[Caption-style text data]

┄┄┄┄┄┄

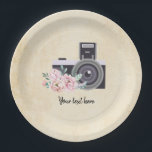Assiettes En Carton caméra vintage<br><div class="desc">Disponible dans différents produits. Saviez-vous que vous pouvez transférer cette conception à n'importe quel produit que vous voulez vous-même. Si vous ne savez pas comment,  veuillez vérifier mon billet pour voir comment faire : www.giftforallseason.com/blog/new-option-at-zazzle-store</div>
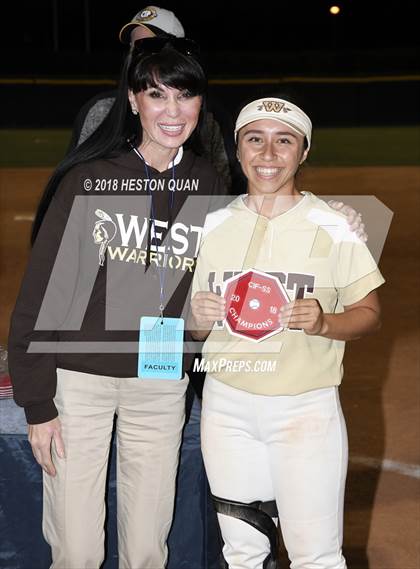 Thumbnail 3 in Redlands East Valley vs. West (CIF-SS D3 Final) photogallery.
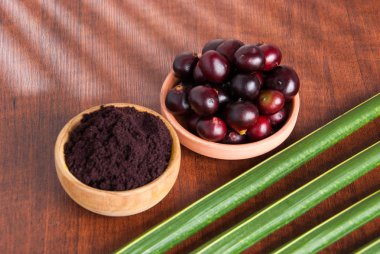 amazon acai meyve.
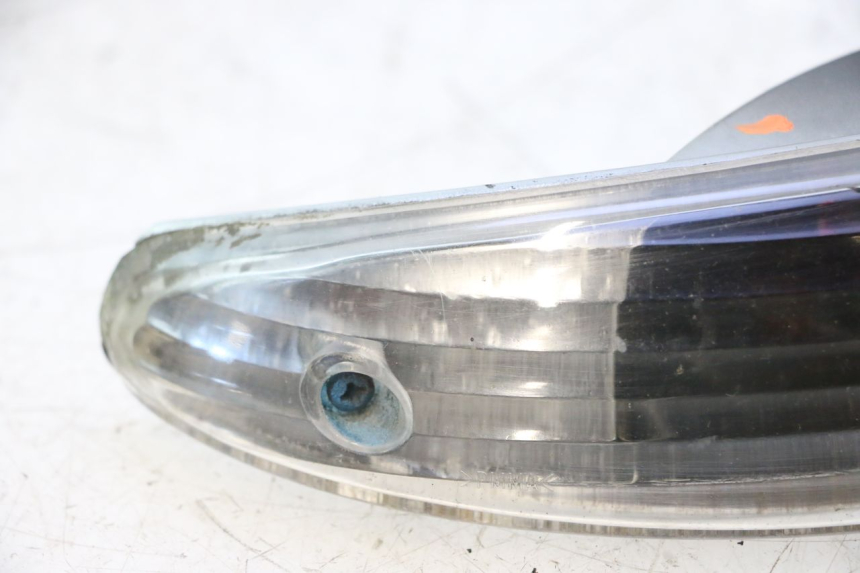 photo de FEU ARRIERE PEUGEOT ELYSTAR 50 (2002 - 2014) - État de surface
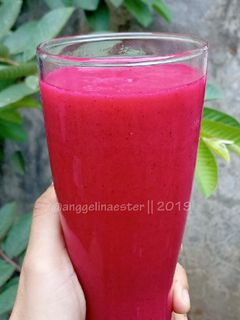 Foto resep Dragon fruit Smoothies with Yogurt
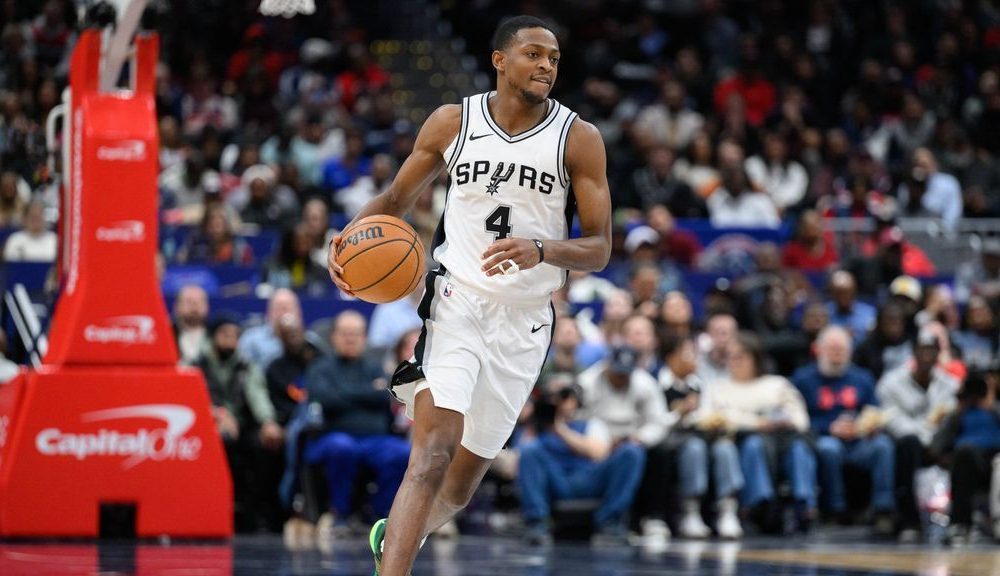 Spurs' Fox (hamstring) says opener in doubt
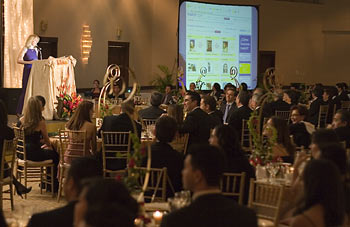 Janine Warner - speech in Honduras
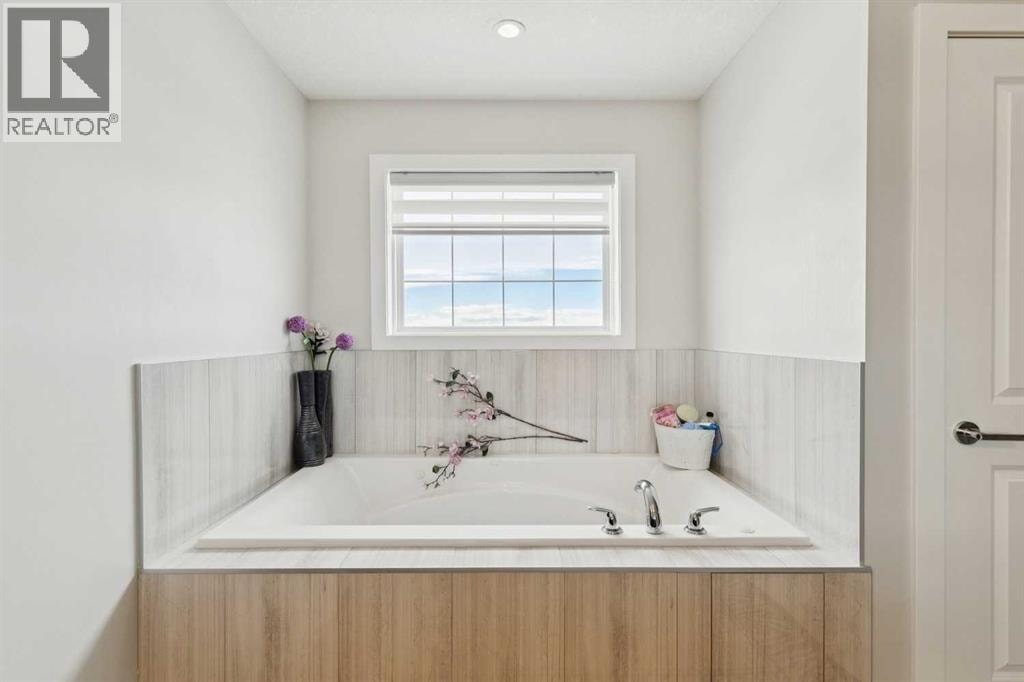 176 Cranarch Crescent SE — photo 32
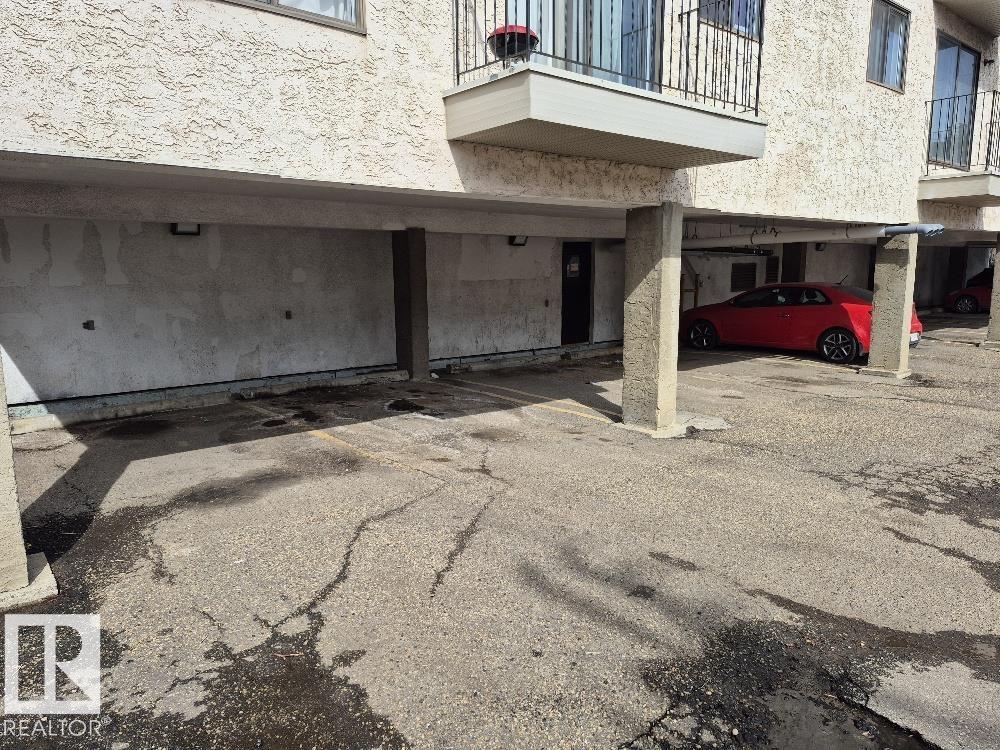 #402 9323 105 Ave NW, Edmonton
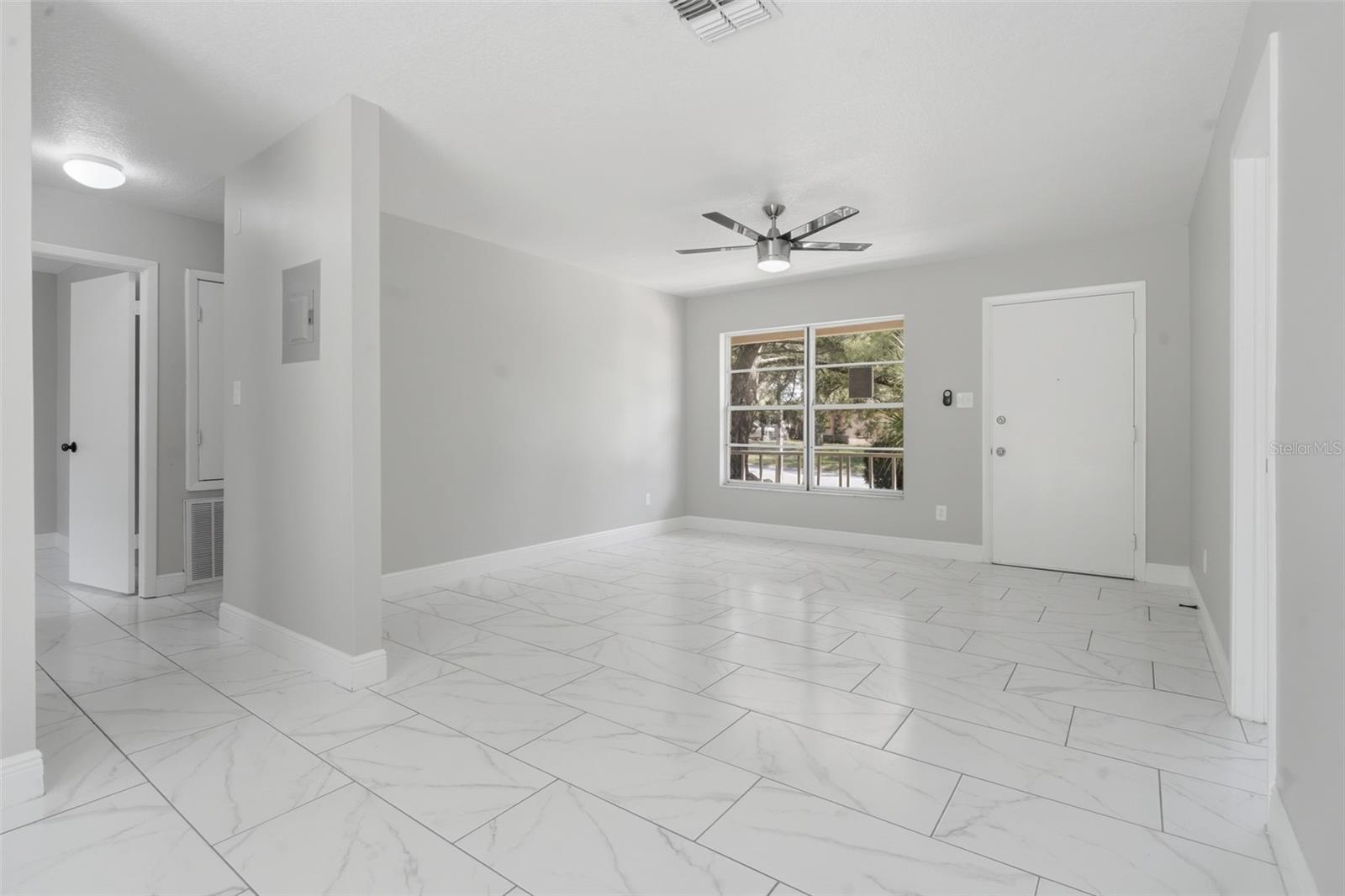 TWIN LAKES MANOR ADD 02 - Residential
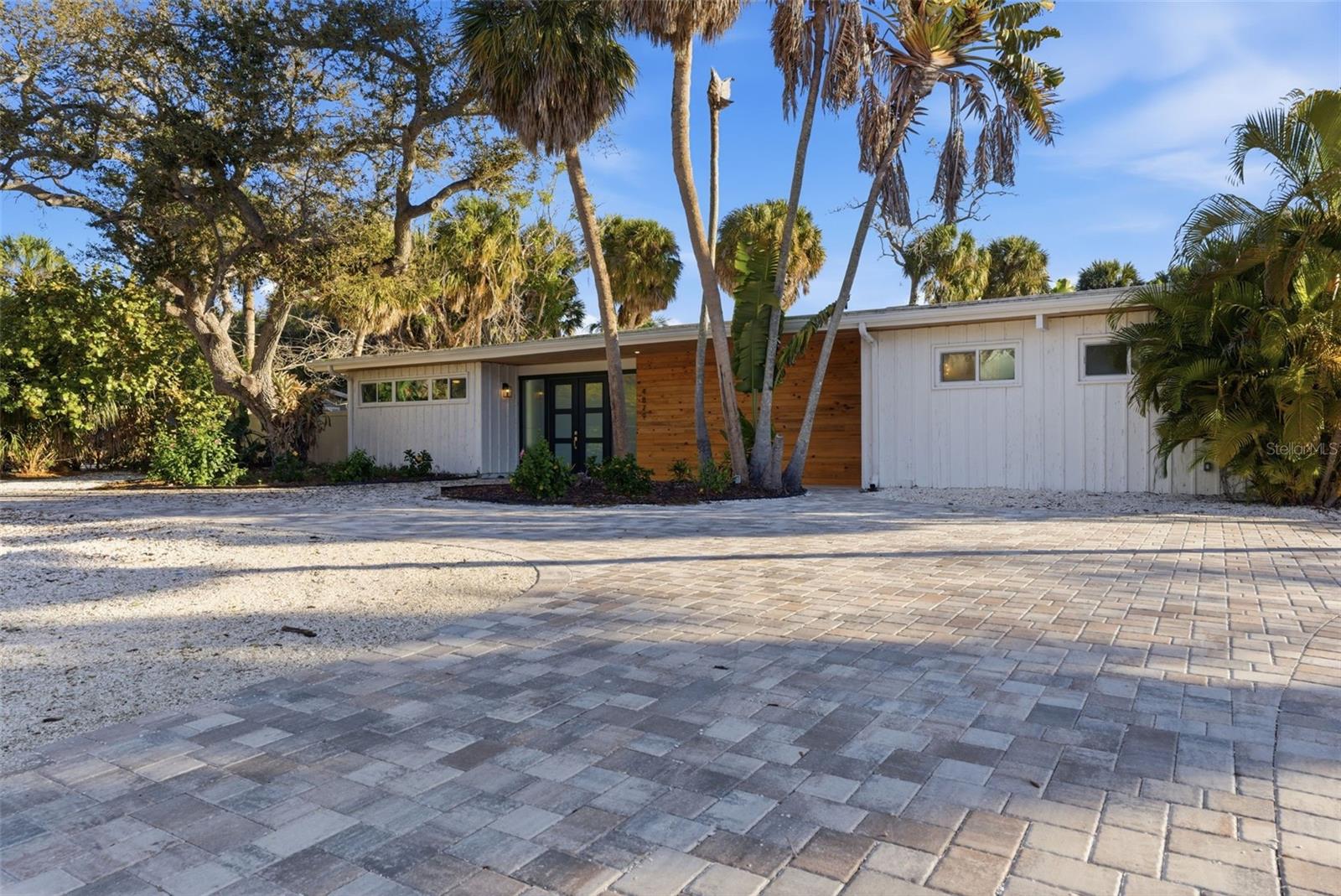 4879 COMMONWEALTH DR — photo 2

┄┄┄┄┄┄

*What this task involves*. Whatever pictures the entries contain, omit them, and write the rest out exactly.

*Response below*.
Assiettes En Carton caméra vintage<br><div class="desc">Disponible dans différents produits. Saviez-vous que vous pouvez transférer cette conception à n'importe quel produit que vous voulez vous-même. Si vous ne savez pas comment,  veuillez vérifier mon billet pour voir comment faire : www.giftforallseason.com/blog/new-option-at-zazzle-store</div>
 Thumbnail 3 in Redlands East Valley vs. West (CIF-SS D3 Final) photogallery.
 amazon acai meyve.
 photo de FEU ARRIERE PEUGEOT ELYSTAR 50 (2002 - 2014) - État de surface
 Foto resep Dragon fruit Smoothies with Yogurt
 Spurs' Fox (hamstring) says opener in doubt
 Janine Warner - speech in Honduras
 176 Cranarch Crescent SE — photo 32
 #402 9323 105 Ave NW, Edmonton
 TWIN LAKES MANOR ADD 02 - Residential
 4879 COMMONWEALTH DR — photo 2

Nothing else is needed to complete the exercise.